* What to do:
Write out the whole listing exactly.

* Data provided:
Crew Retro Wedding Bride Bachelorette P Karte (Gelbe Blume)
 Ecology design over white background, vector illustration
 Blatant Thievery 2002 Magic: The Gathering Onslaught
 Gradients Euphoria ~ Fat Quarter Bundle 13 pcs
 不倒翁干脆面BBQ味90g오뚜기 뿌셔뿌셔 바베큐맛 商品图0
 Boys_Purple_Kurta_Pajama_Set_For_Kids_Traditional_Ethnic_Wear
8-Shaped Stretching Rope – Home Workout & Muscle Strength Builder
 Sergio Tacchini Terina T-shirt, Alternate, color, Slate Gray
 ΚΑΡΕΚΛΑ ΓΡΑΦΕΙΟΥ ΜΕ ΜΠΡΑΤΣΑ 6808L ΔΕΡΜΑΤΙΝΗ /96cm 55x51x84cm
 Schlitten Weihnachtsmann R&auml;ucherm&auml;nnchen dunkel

* Response to this task:
Crew Retro Wedding Bride Bachelorette P Karte (Gelbe Blume)
 Ecology design over white background, vector illustration
 Blatant Thievery 2002 Magic: The Gathering Onslaught
 Gradients Euphoria ~ Fat Quarter Bundle 13 pcs
 不倒翁干脆面BBQ味90g오뚜기 뿌셔뿌셔 바베큐맛 商品图0
 Boys_Purple_Kurta_Pajama_Set_For_Kids_Traditional_Ethnic_Wear
8-Shaped Stretching Rope – Home Workout & Muscle Strength Builder
 Sergio Tacchini Terina T-shirt, Alternate, color, Slate Gray
 ΚΑΡΕΚΛΑ ΓΡΑΦΕΙΟΥ ΜΕ ΜΠΡΑΤΣΑ 6808L ΔΕΡΜΑΤΙΝΗ /96cm 55x51x84cm
 Schlitten Weihnachtsmann R&auml;ucherm&auml;nnchen dunkel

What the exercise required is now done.